I consider that the collection and validation of texts should be done by people who are fluent in that language.
So I might suggest a corpus other than my native language, but it should be validated by people fluent in that language to see if it is a valid corpus.

I've already had my share of painful experiences with Japanese collections, and I don't want anyone else to make the same mistake.


The White House

Copyright Policy | The White House:

Pursuant to federal law, government-produced materials appearing on this site are not copyright protected. The United States Government may receive and hold copyrights transferred to it by assignment, bequest, or otherwise.

Seriously? I'm not familiar with the law, but can we add this to the list of appropriate corpus?

2020-11-15: I didn't know that, but it seems that copyright doesn't apply to law statements, news reports, etc. in Japan either.

What about your language? It's not "conversational" by any means, but we can increase the number.

Internet Archive

Most of the resources may be useful. But there is also content that is in clear violation of rights. (For example, to narrow it down to Japanese, there are videos of famous anime and pictures of idols.)
If we can verify each one of these licenses, we may be able to add them to the list, but what do you think?

datos.bne.es

Spanish. I can't read.
Maybe it's CC0, but I don't know.
The Biblioteca Nacional de España comes up somewhat by searching for CC0.

Is there anyone who can look it up?
Are there any sentences that could be used for these resources?

Mozilla

I'm sure there are people here who are familiar with Mozilla, so I'm going to ask: Are there any CC0 works in Mozilla's public resources?

All I could find was an MDN code sample: Code samples and snippets - About MDN Web Docs - The MDN project | MDN

OSCAR

I mention this because I know some of you may want to add it to the list.

I've downloaded the Japanese file.
Some of the text had unique, identifiable sentences; a quick Google search shows that they were extracted from personal sites, corporate promotions, reports of charitable activities, porn sites, etc. There were also a lot of proper nouns (names of identifiable individuals, groups and works).

I have contacted OSCAR about this and am waiting to hear back. (What process did they use to get the text, to check if it's legitimate, etc.)
But whatever the reply, I will not add OSCAR to the list.

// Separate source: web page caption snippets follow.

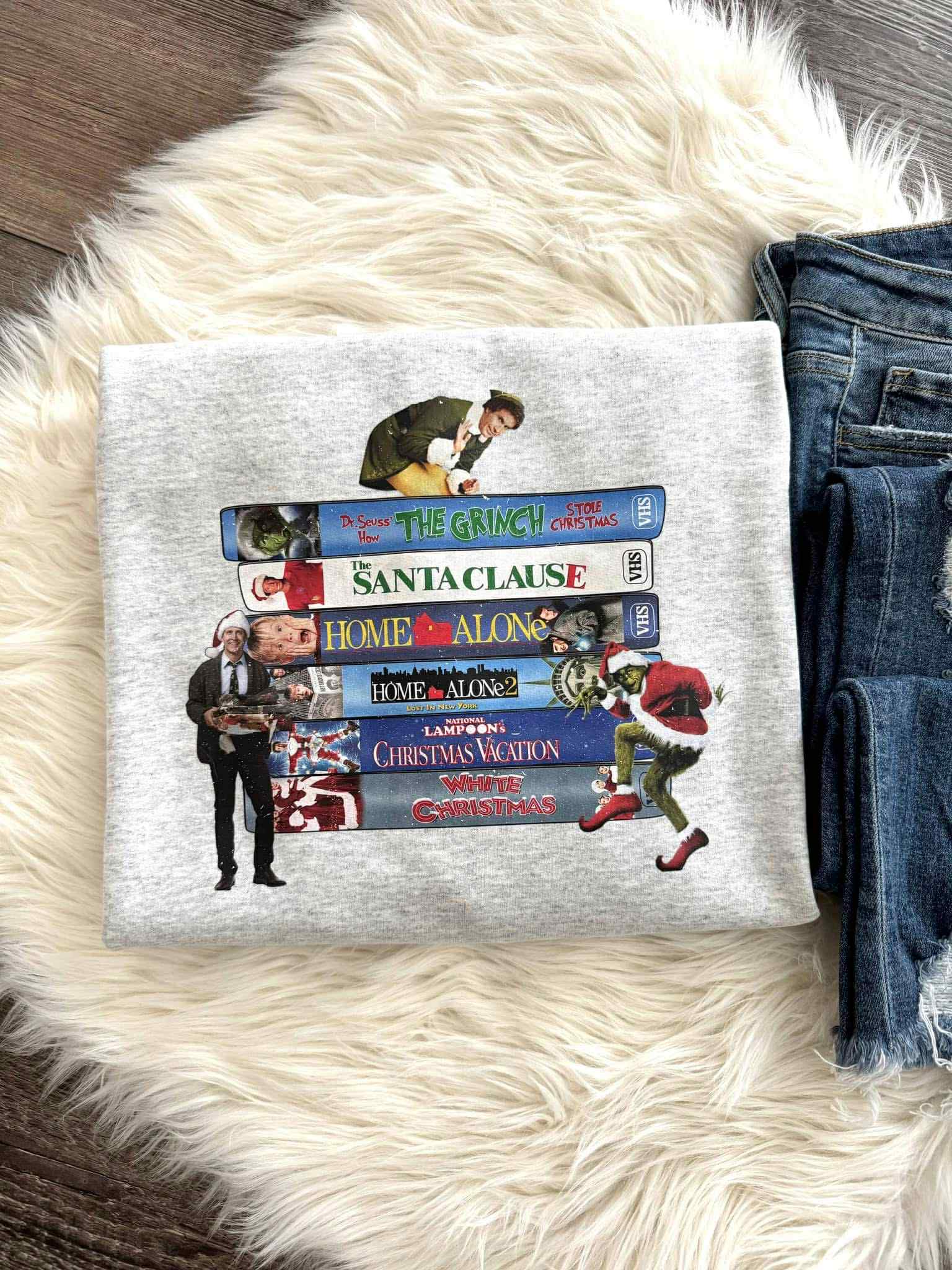 Christmas Movie Stack Tee/Crewneck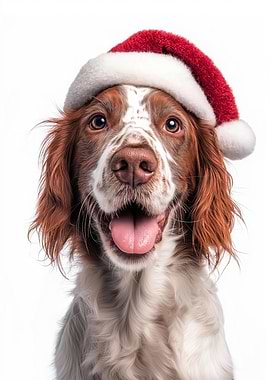 Irish Red and White Setter Dog with Santa Hat Portrait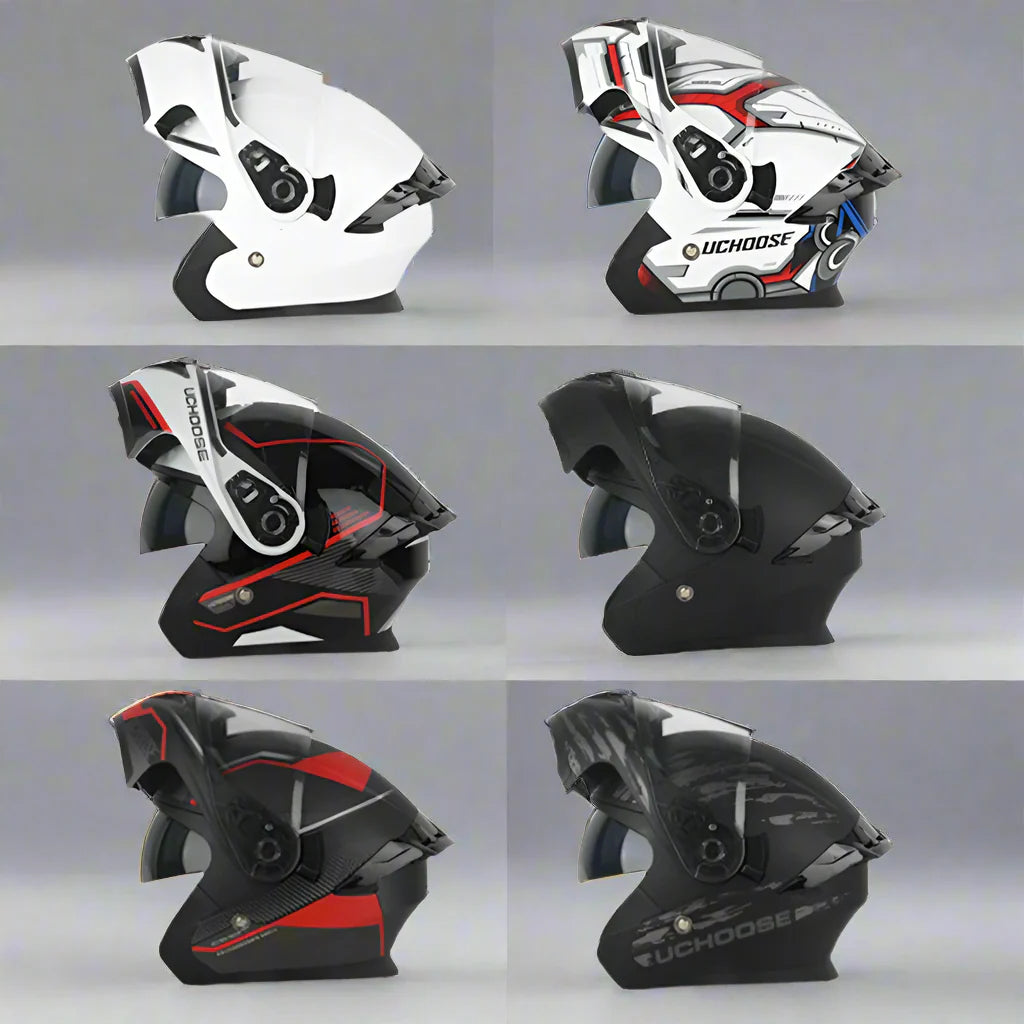 Flip-Up Motorcycle Helmet with Dual Sun Visor - Professional Protective Gear for Men & Women (DOT Approved)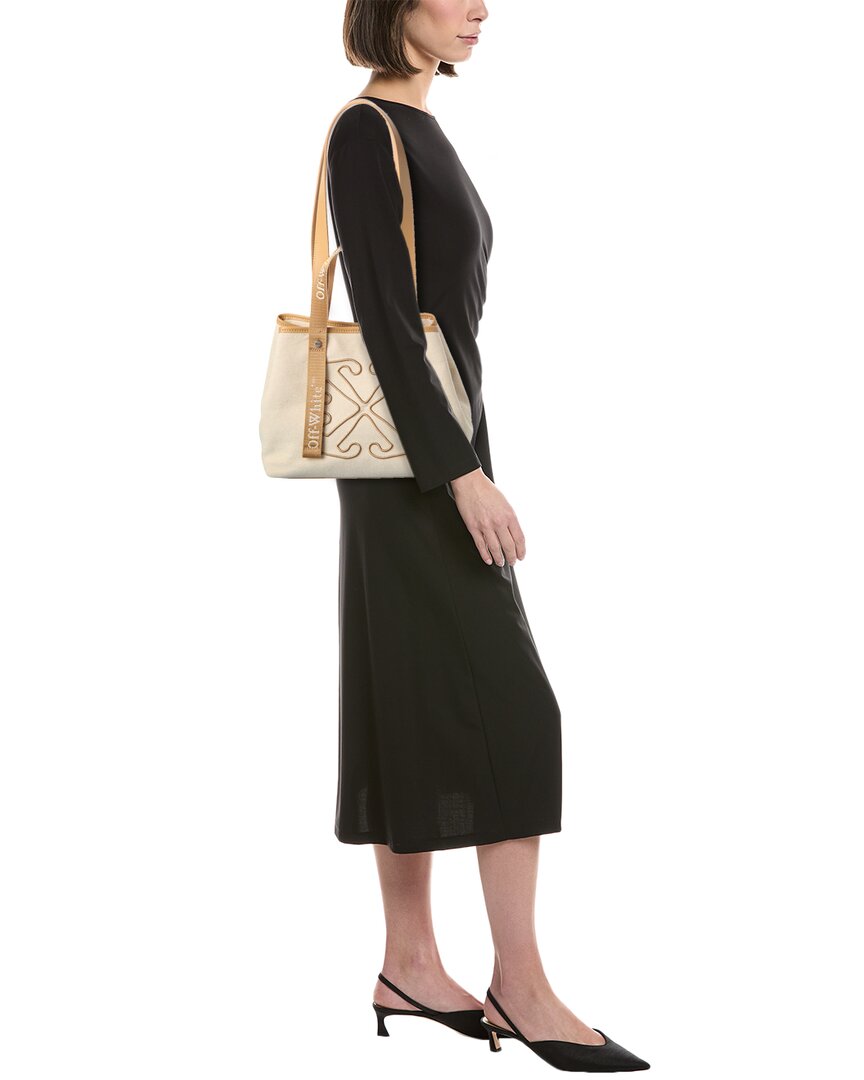 Off-White East West Small Canvas & Leather Tote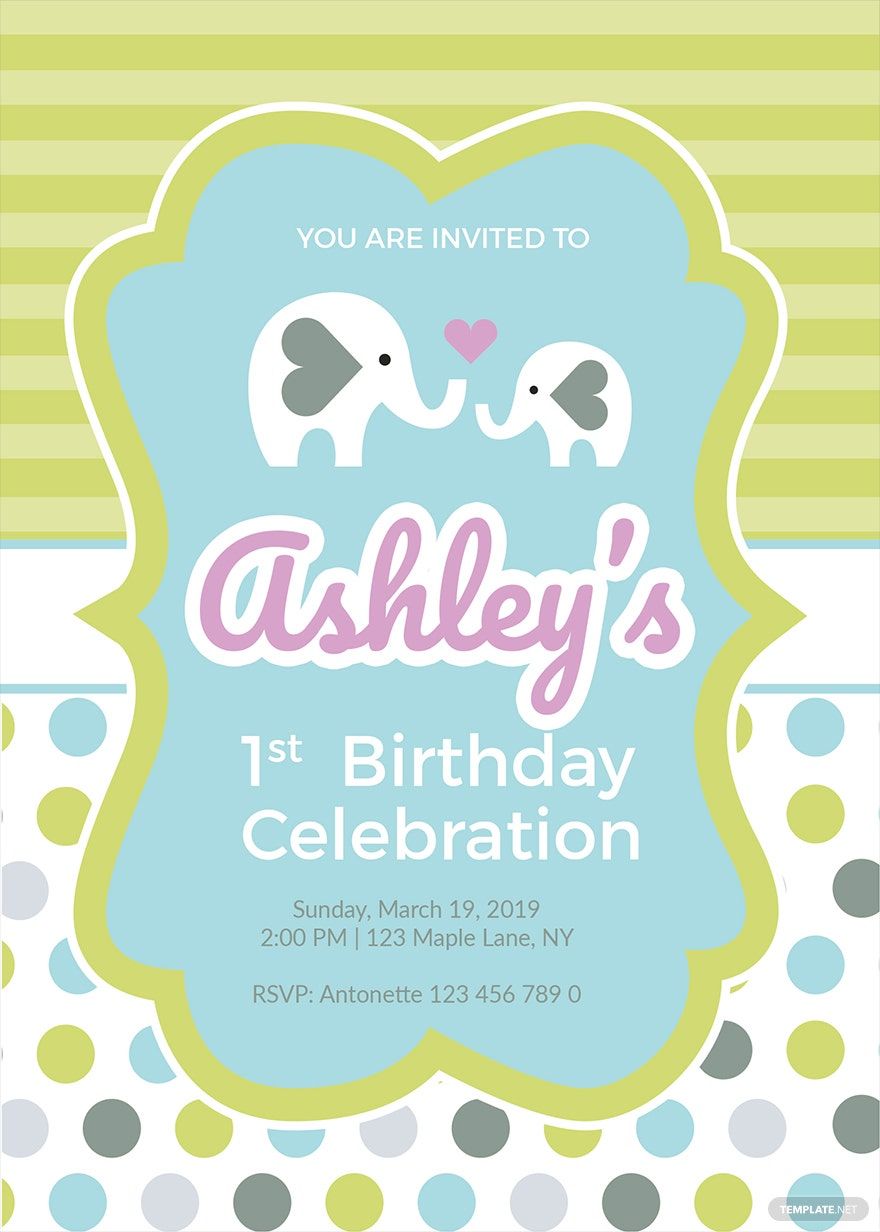 Baby First Birthday Invitation Template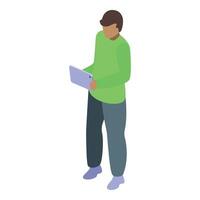 Young man using tablet, working or studying with electronic device vector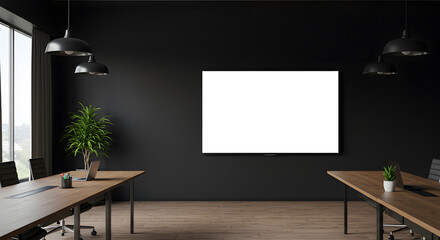 Meeting conference room with blank empty mockup tv screen monitor for advertising standing in modern contemporary office on black wall background. No people. Business technologies concept.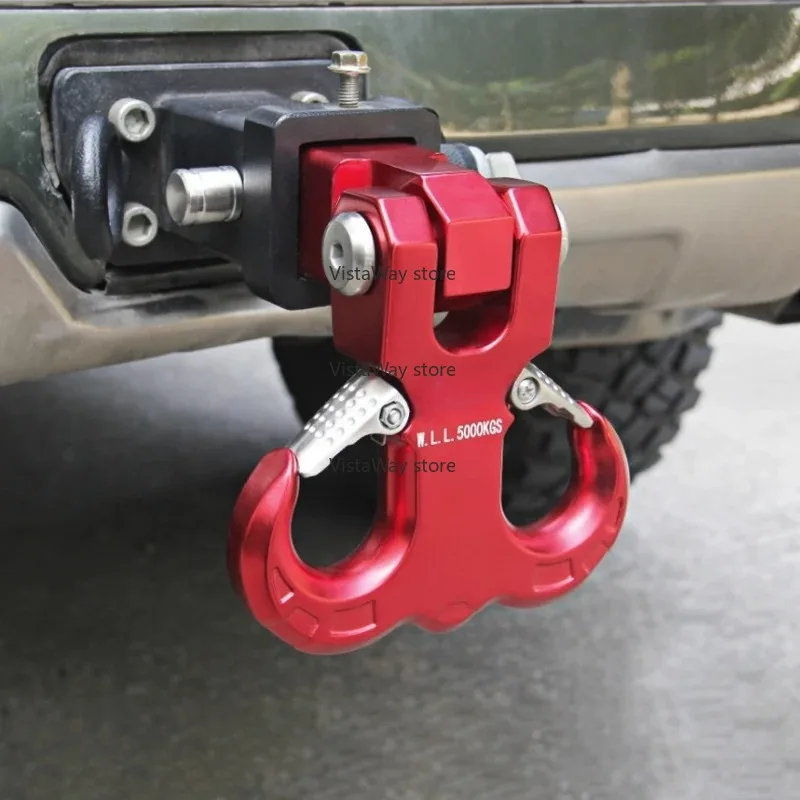 

11000lbs 5000KGS 7075 aluminum forged sheep horn trailer hook 5cmx5cm Square mouthed tube arm trailer hitch for car accessories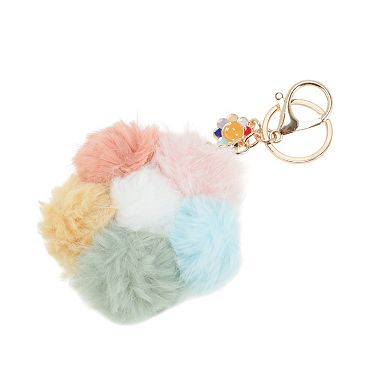 Fashion Cherry Blossoms Pom Pom Handbag Charm 1 Pc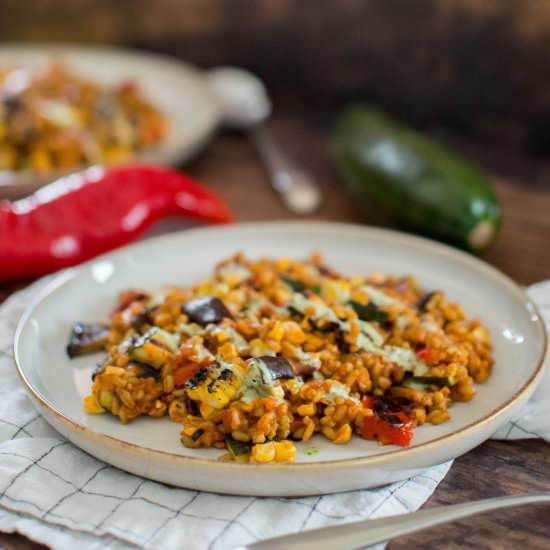 Summer Grilled Veg Freekeh Salad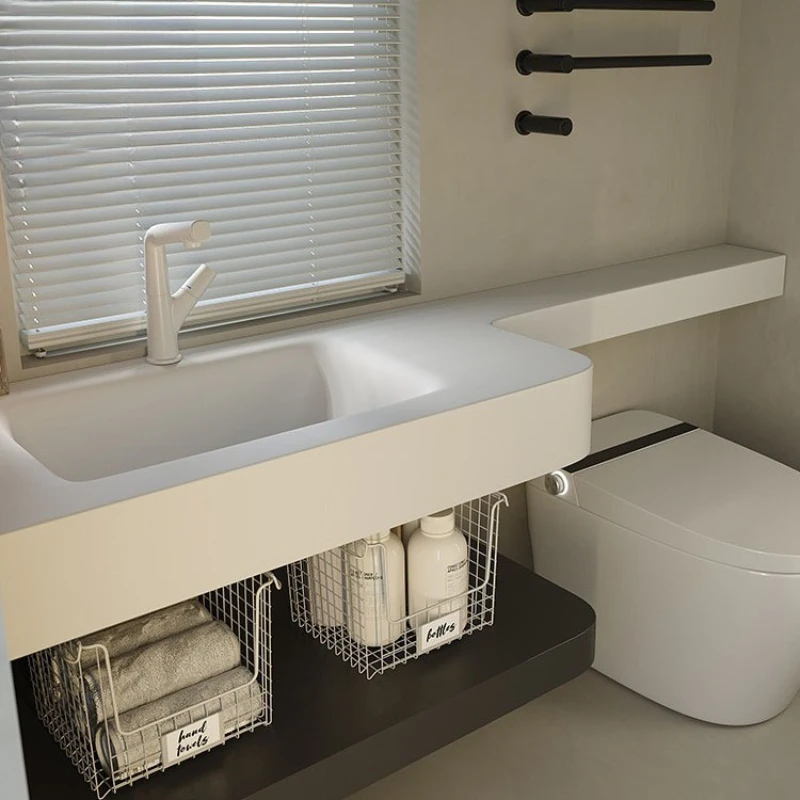 

Integrated basin, bathroom cabinet, combined bathroom, toilet, extended hand and face washing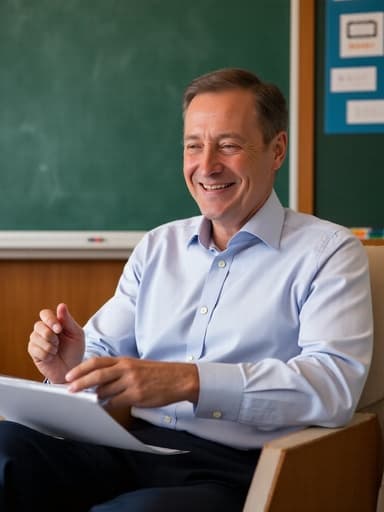 50대 초반의 유럽계 남성이 버튼업 셔츠와 정장 바지를 입고 교실의 소파에 편안하게 앉아 있습니다. 그는 긍정적인 표정을 지으며 벽에 있는 교육 자료를 가리키고 있으며, 따뜻하고 초대하는 분위기 속에 있습니다.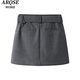 Viainosqinenosshiman tienda insignia oficial 2025 Spring Nuevo producto Cinturón casual falda falda mujer 3523 humo gris humo gris s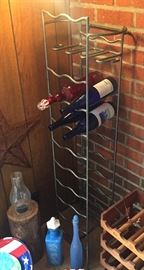 Metal and wooden wine racks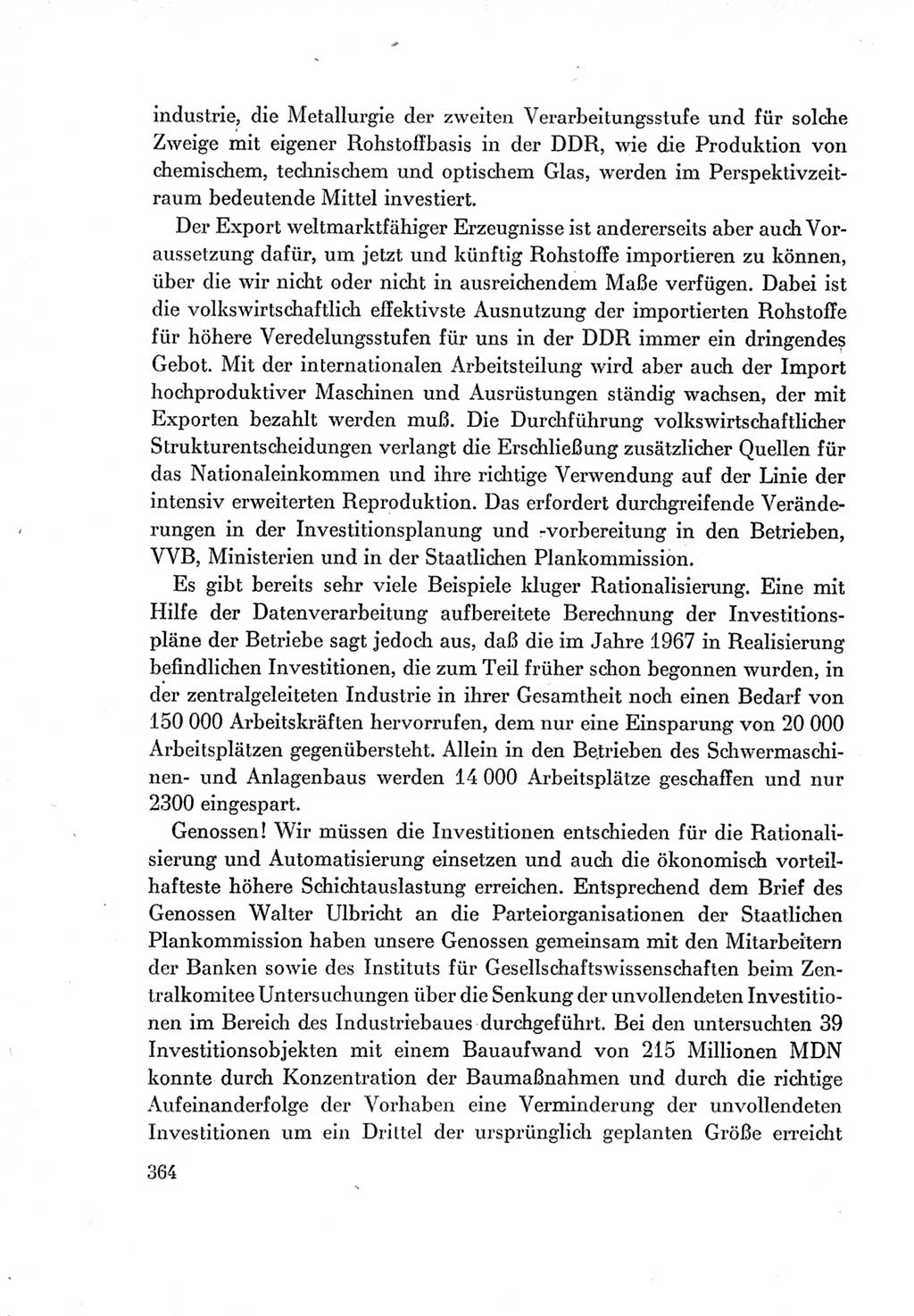 Protokoll der Verhandlungen des Ⅶ. Parteitages der Sozialistischen Einheitspartei Deutschlands (SED) [Deutsche Demokratische Republik (DDR)] 1967, Band Ⅰ, Seite 364 (Prot. Verh. Ⅶ. PT SED DDR 1967, Bd. Ⅰ, S. 364)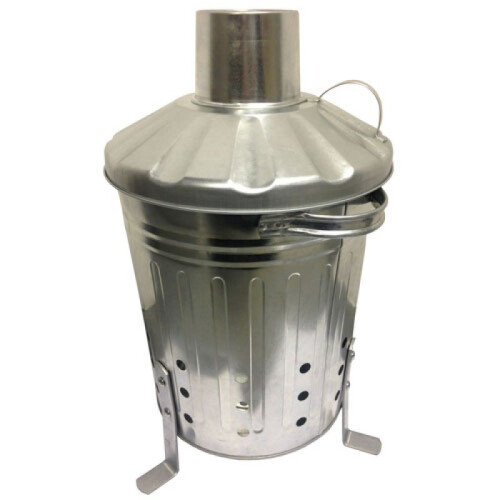Galvanised Mini Garden Incinerator And Lid Fire Bin 13 Litre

If you think it's appropriate, useful, and worthy of use in other languages, please add it to the list, with the Note field mentioning "Japanese files have concerns".

In Japanese

リストに追加したい人もいると思うので、触れておきます。

私は日本語ファイルをダウンロードしました。
コーパスの一部には、独特の、特定可能な文章がありました。Googleで検索してみると、それらは個人サイト、企業の宣伝、慈善団体の活動報告、ポルノサイト等から抽出されたことがわかります。固有名詞(特定可能な個人や集団、作品の名前)もたくさんありました。

私はこの件についてOSCARに問い合わせ、返事を待っているところです。
でも、どのような返事であれ、私はOSCARをリストに追加しません。

もし他の言語では適切で、有用であり、使用に値するというのであれば、「日本語ファイルには懸念がある」とNote欄に記載した上で、リストに追加して下さい。